Les machines tournent depuis quelques semaines seulement, mais elles intéressent déjà les industriels, parmi lesquels le groupe ÏDKIDS (Okaïdi, Oxybul, Jacadi…) et Decathlon. Ce démonstrateur de recyclage, installé dans les locaux du CETI à Tourcoing, redonnera vie aux vêtements usagés et permettra d’imaginer de futurs produits textiles recyclés. «Ce démonstrateur de recyclage mécanique de fibres courtes est unique en Europe», se félicite Pascal Denizart, directeur général du CETI. Fruit de deux ans de R&D, cette installation permet de recycler mécaniquement toutes les fibres, en particulier le coton, pour en faire un nouveau fil avec un composant majoritaire recyclé. Broyés et effilochés, les vêtements usagés se transforment en un mélange homogène de fibres vierges. Et les premiers résultats sont encourageants : le fil en 100% coton est composé de 70% de fibres recyclées et de 30% de fibres vierges. Quand on sait que 600 000 tonnes de textile sont mises sur le marché français chaque année mais que seule la moitié est collectée – dans l’habillement, 45% de la production est en coton –, le gisement est énorme. Depuis 2014, le CETI travaille sur l’écoconception ; l’acquisition de ces machines est un pas supplémentaire vers l’upcycling, soutenu par le Comité stratégique de filière mode et luxe, un comité initié par l’Etat français dont de grandes marques sont partenaires (Okaïdi, Decathlon, TDV industries en Mayenne et le constructeur de machines Laroche).

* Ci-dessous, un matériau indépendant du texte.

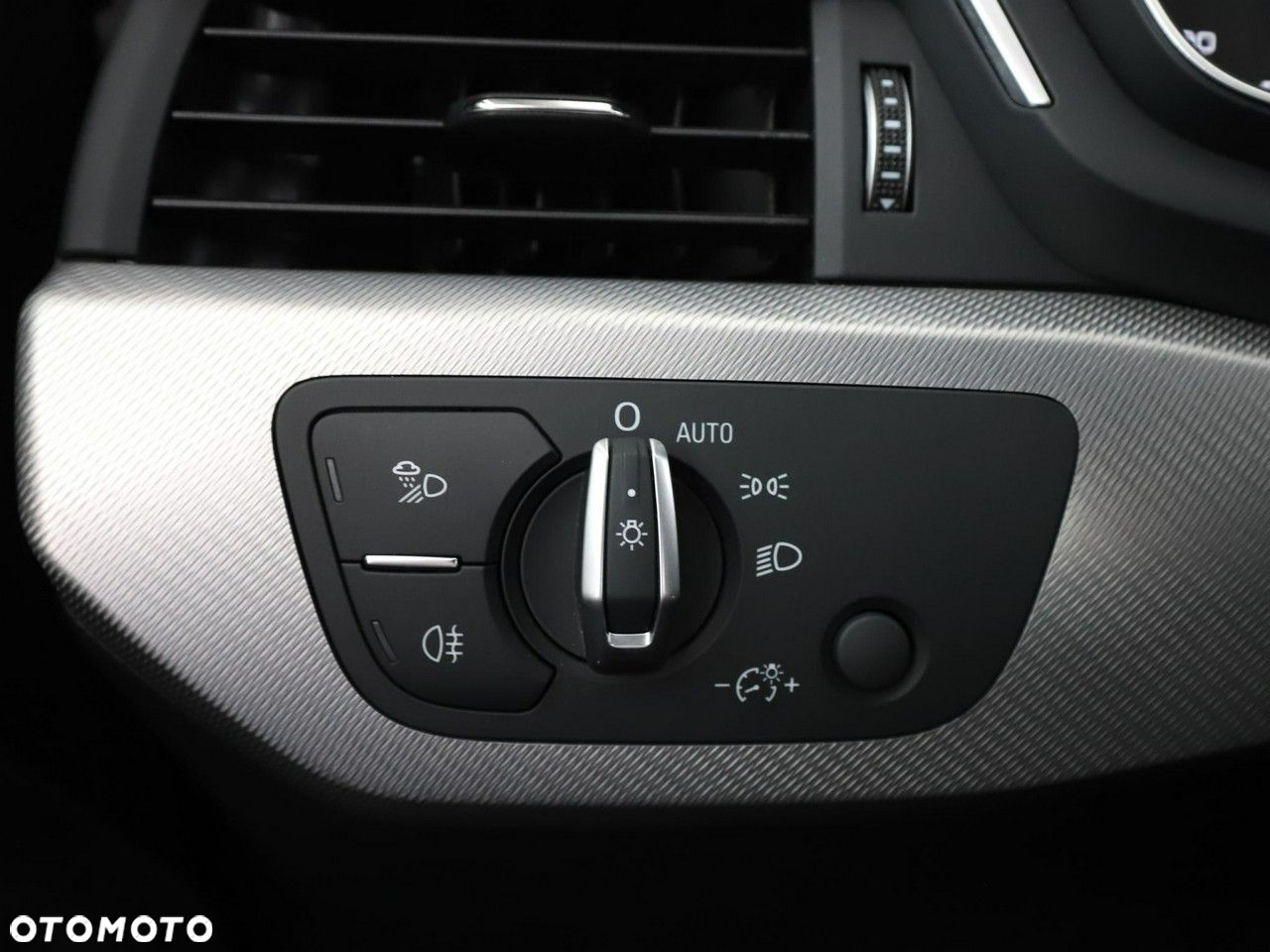 Audi A4 2.0 TDI Design - 29
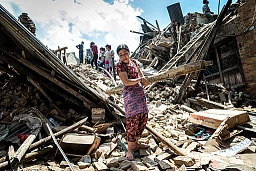 Suite au séisme dévastateur au Népal, les habitants s&#39;affairent aux travaux de nettoyage du temple Krishna à Katmandou.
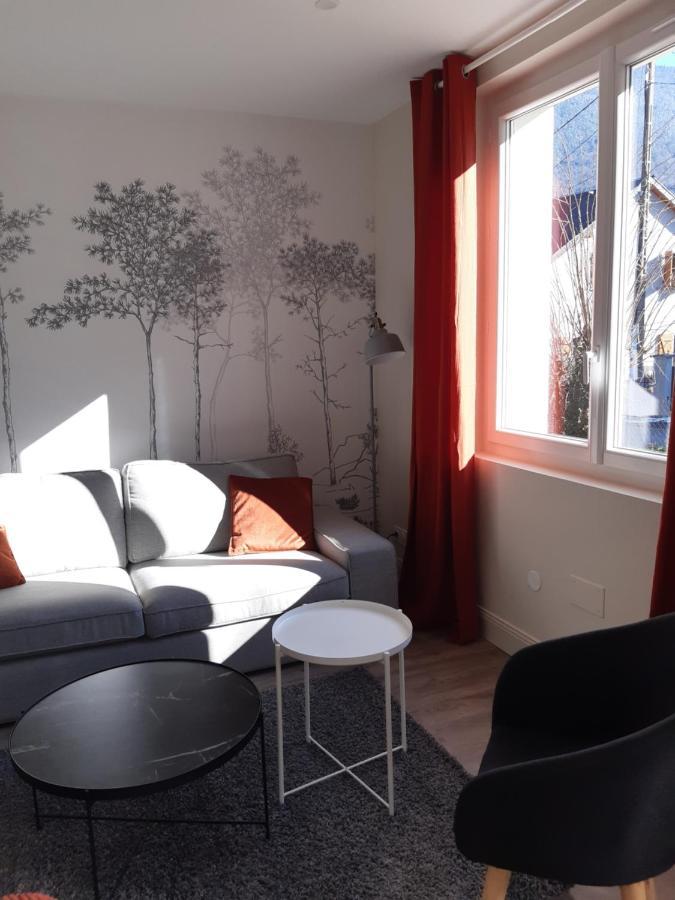 T3 Neuf 65M2 5 Personnes Avec Jardin Au Calme, Menage Inclus, Local Velo Appartement Bagnères-de-Luchon Buitenkant foto
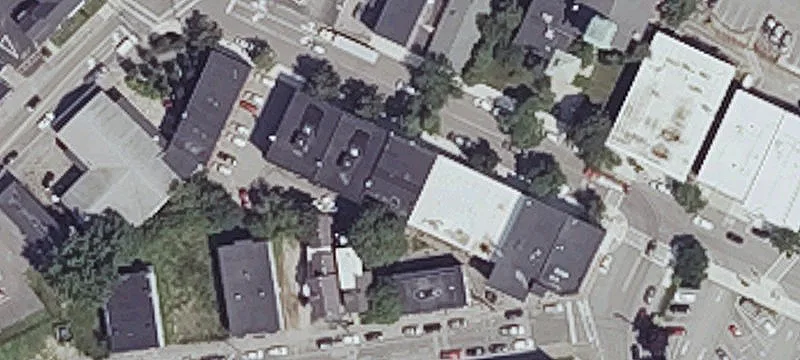 289 Main St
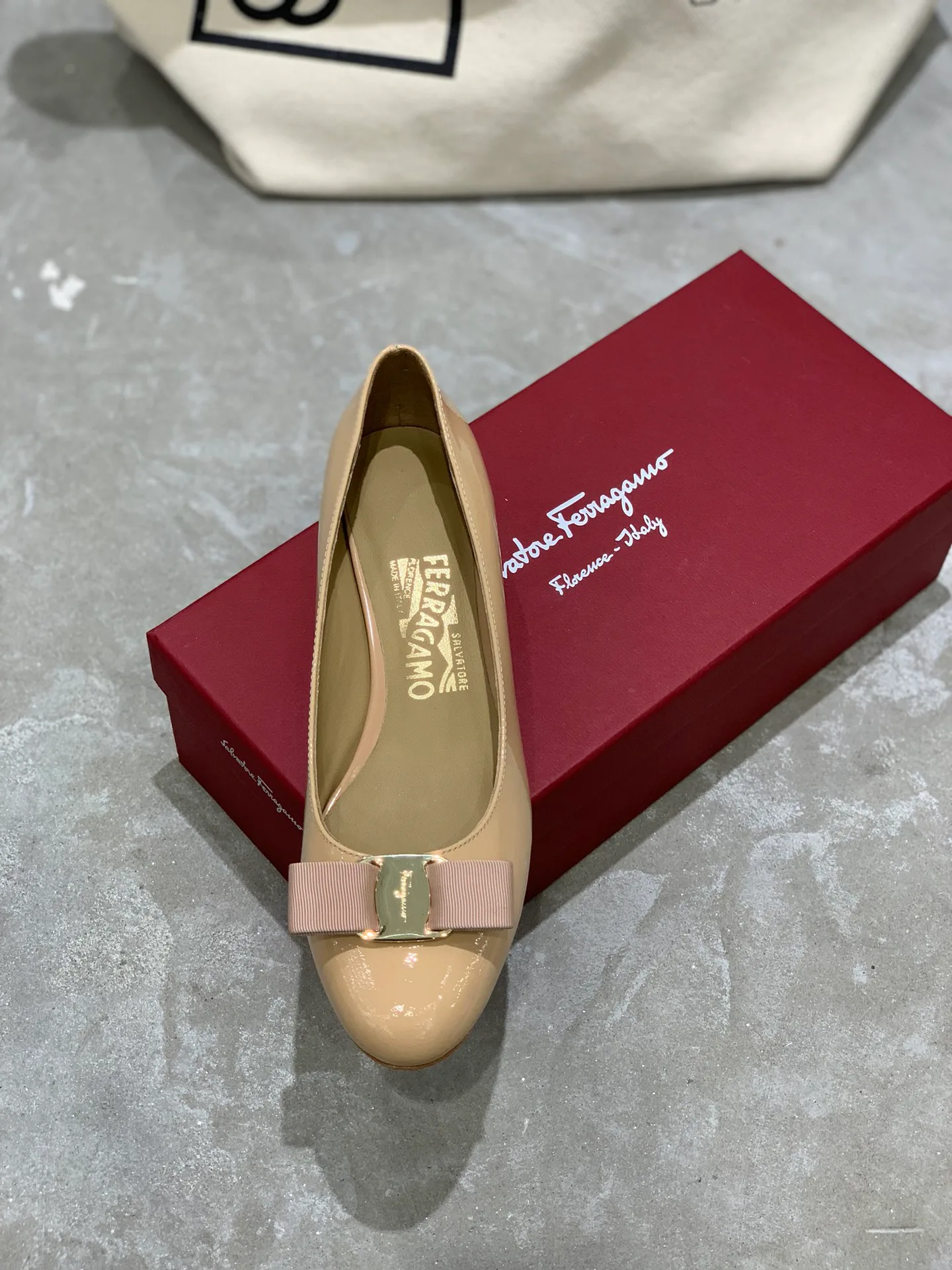 Women's Ballet Flats SALVATORE FERRAGAMO 18340674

De la «co R&D» avec les industriels
Les machines peuvent traiter une capacité de 100 kilos par jour. «Notre vocation n’est pas de produire mais bien de tester cette innovation sur le marché», précise Pascal Denizart. Et dans une période où le cours du coton s’est effondré à cause de la guerre entre les Etats-Unis et la Chine et où les surfaces dédiées à l’agriculture du coton se réduisent, l’enjeu pour les industriels est de taille, comme l’explique Nagy Bensid, directeur industriel chez Decathlon en charge des fibres et des fils naturels. «On s’essaie depuis plusieurs années au recyclage, mais quand on est tout seul, c’est difficile.» D’où ce partenariat avec le CETI : «On veut passer à un stade industriel et on ne peut que l’envisager à un stade local, sinon cela n’a aucun sens.» Le groupe régional travaille donc sur un pantalon de chasse ultra-résistant ainsi que sur un fil recyclé pour les chaussettes. C’est aussi le même cas de figure pour ÏDKIDS, associé au CETI depuis trois ans et qui lancera une ligne complète de tee-shirts en coton recyclés dès 2020. «Ici, on ne fait pas du mécénat, on veut tester la ligne», insiste Didier Souflet, directeur industriel.
Le CETI dans la mouvance du «zero waste design»
Depuis cinq ans, le chef de file tourquennois reçoit des demandes de groupes internationaux : en 2015, c’est avec Adidas que le CETI a travaillé pour la création d’une chaussure de foot en polyuréthane jusqu’à dix fois recyclable (accessible au consommateur sous forme d’abonnement) et qui sera commercialisée l’an prochain «Il faut intégrer le recyclage dans l’économie circulaire. Naturellement, le consommateur est beaucoup plus exigeant envers une matière recyclée», analyse le directeur général du CETI.
Quelques chiffres de la filière des textiles et chaussures
• 624 000 tonnes mises en marché en 2018 : 409 500 pour les textiles d’habillement (66%), 95 500 pour le linge de maison (15%) et 119 000 tonnes pour les chaussures (19%).
• Plus de 38% sont collectés.
• Chaque année, un citoyen donne en moyenne une 2e vie à 3,6 kg de TLC (textiles d’habillement, linge de maison et chaussures).